20th Century Plantations:   In 1938, C. Leigh Stevens, an industrial efficiency expert, acquired Auldbrass Plantation on River Road.  He commissioned the renowned architect Frank Lloyd Wright to design the Auldbrass Plantation complex.  This magnificent site and buildings are currently privately owned, but are occasionally open to the public for tours benefiting local organizations. 

During World War II, the Doubleday family, who ran Doubleday Book Publishing Company, owned Parker's Ferry Plantation on River Road.  They built a writing studio on their plantation for British author Somerset Maugham so he could write in safety, away from the London Blitz.  It is here that he wrote his famous novel, "The Razor's Edge" which was published in 1943.

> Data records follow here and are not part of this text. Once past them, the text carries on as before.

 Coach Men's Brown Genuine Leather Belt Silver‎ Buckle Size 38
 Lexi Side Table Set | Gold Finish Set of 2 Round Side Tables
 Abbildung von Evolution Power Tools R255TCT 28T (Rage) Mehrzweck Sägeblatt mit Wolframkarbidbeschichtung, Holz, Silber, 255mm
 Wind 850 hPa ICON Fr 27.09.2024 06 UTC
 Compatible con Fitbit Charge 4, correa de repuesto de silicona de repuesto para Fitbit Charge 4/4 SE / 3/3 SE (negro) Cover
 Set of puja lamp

Today, the many large tracts of former plantation lands are privately owned.  There are over fifteen plantations with a Yemassee address.  Many of their homes date back to the late 19th century when the area was reconstructing after the devastation of the Civil War.  Many of the tracts sit in conservation easements, protecting thousands of acres of natural lands. 

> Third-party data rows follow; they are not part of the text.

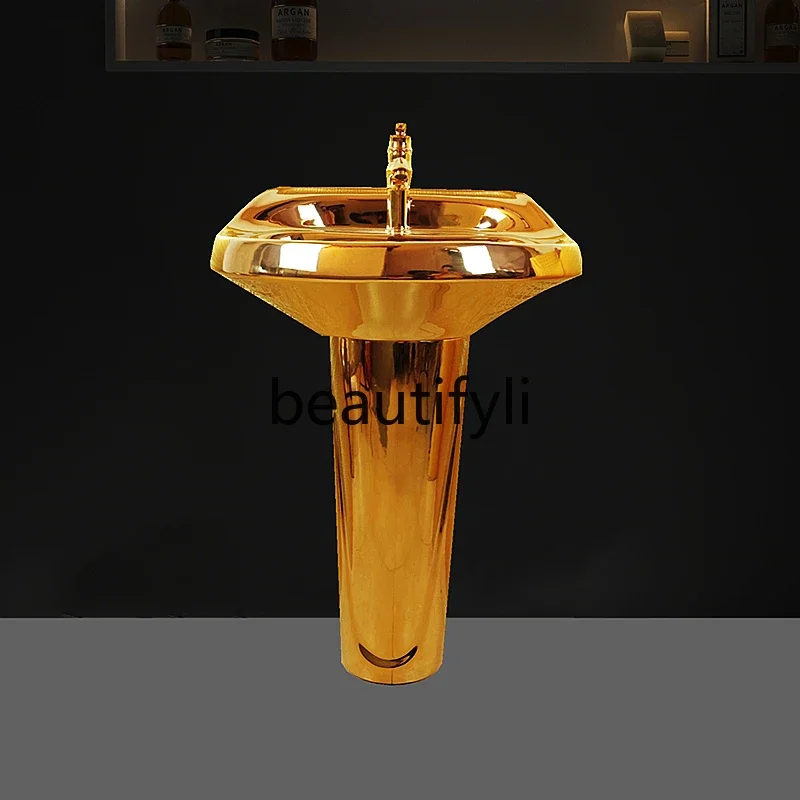 

European art gold column wash basin floor ceramic split wash basin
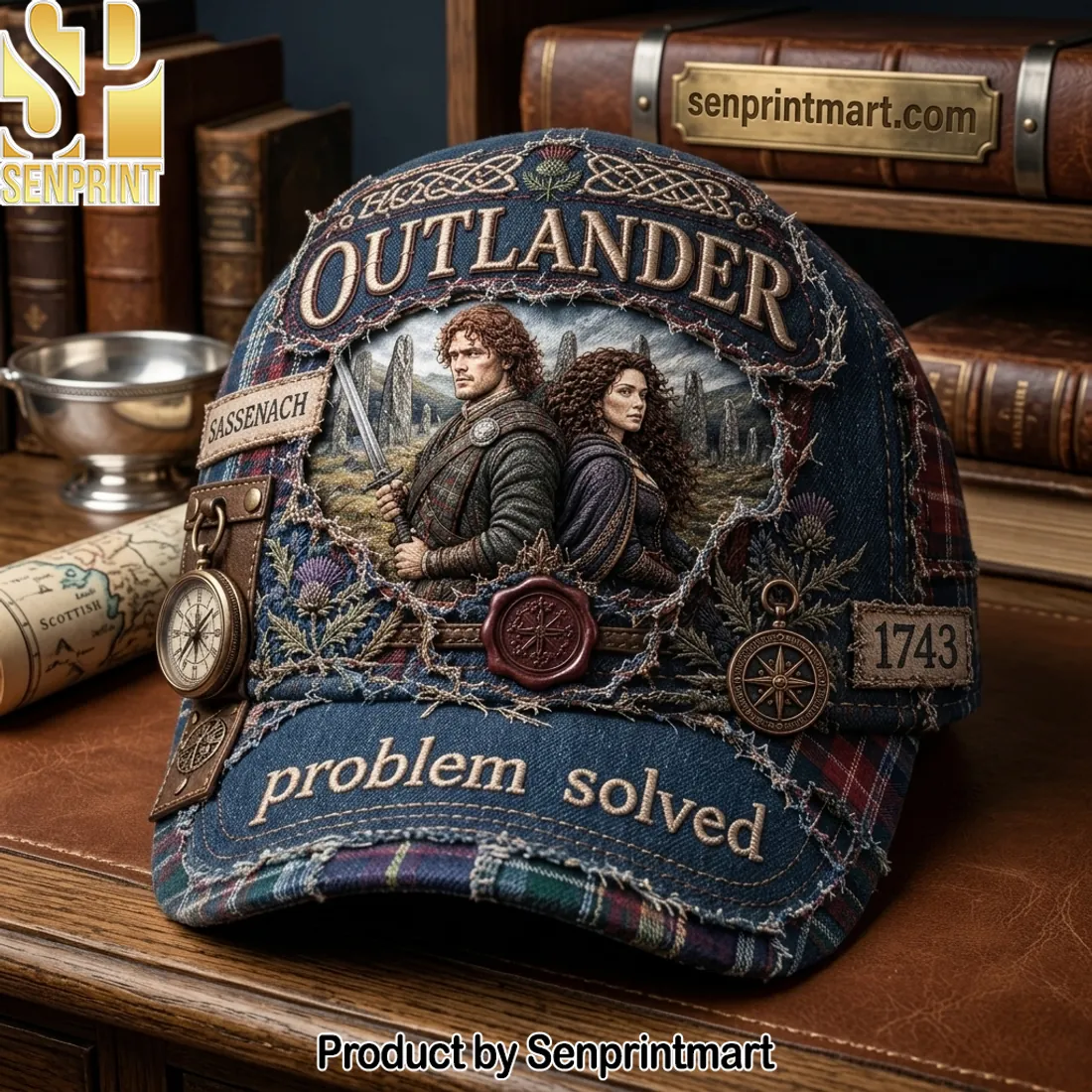 Outlander Sassenach 1743 Scottish Tartan Distressed Vintage Cap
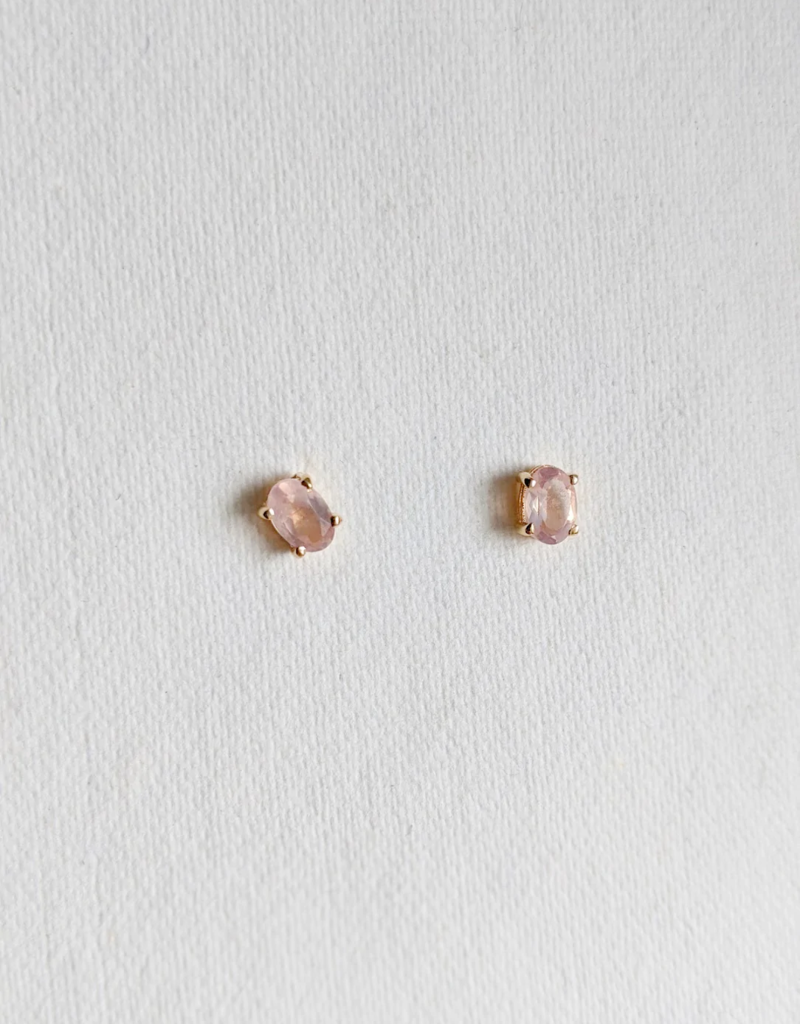 Little Gold Ava Rose Quartz Studs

Shrimp Baiting:  Yemassee was a key figure in the evolution of shrimp baiting.  Shrimp baiting uses a cast net, bait and long poles.  The long poles are used to mark a specific location and then bait is thrown in the water near the pole.  After several minutes, the cast net is thrown as close to the bait as possible and the shrimp are caught in the net.

In the mid 1980's a group of Florida shrimpers arrived in Yemassee.  They used a secret ingredient to catch their shrimp, and their nets always reappeared full of the succulent little delicacies.  A Yemassee man, James Polk, learned that the secret ingredient was dog food.  A few of the Yemassee men took the dog food idea.  They asked if dog food with its 30% protein could catch shrimp, what about something higher in protein.  They found Menhaden Fish meal which had 60% protein.  The fish meal was mixed with clay or mud to anchor it and formed into a patty to keep from rolling.  Cane poles were used to mark the place where the bait had been thrown out. 

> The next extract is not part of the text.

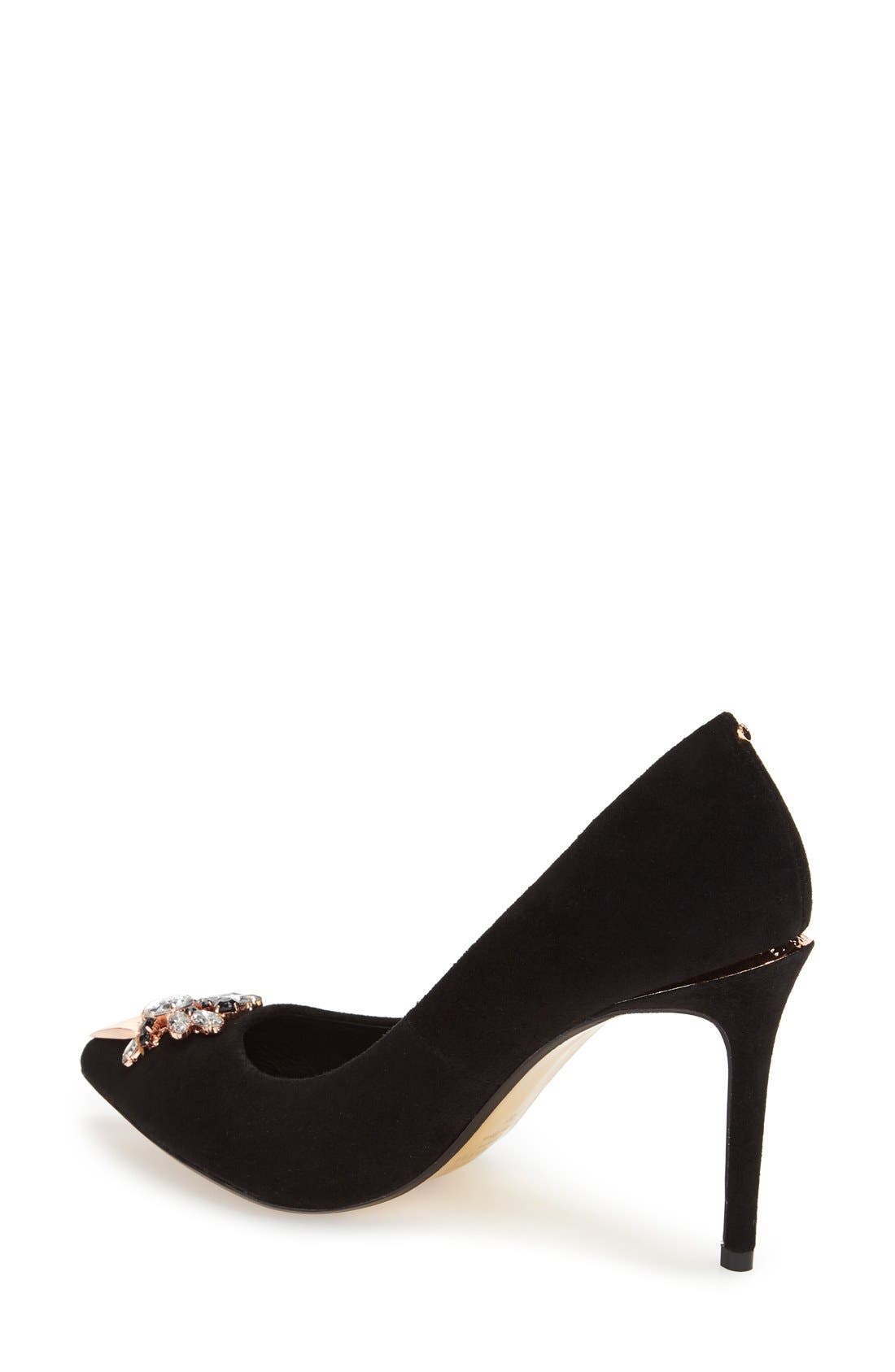 'Adawle' Pointy Toe Pump, Alternate, color, BLACK SUEDE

The Yemassee shrimpers began catching thousands of pounds of a shrimp a week, rivaling amounts caught by Commercial Trawlers.  Hundreds of cane poles were sited along the creeks and rivers.  The General Assembly decided it was time to outlaw the baiting of shrimp all together.  A group of Yemassee residents, Jack Moore, Kevin P. Egan, Sr., Harold Harmon, Colin Moore, John B. "Ollie" O'Brian, Stanley Moore and Simon Jinks, together with many other recreational shrimpers, organized the South Carolina Recreational Shrimpers Association, now known as Recreational Shrimpers of South Carolina.  This group went to Columbia to fight to keep shrimp baiting.  Recreational shrimp baiting stayed.  Since then, regulations have evolved from limits on catch per person to licensing people limits on catch per boat.

Each year in September, the Town of Yemassee hosts the Yemassee Shrimp Festival,.  The Festival celebrates Yemassee's place in history in keeping recreational shrimp baiting alive.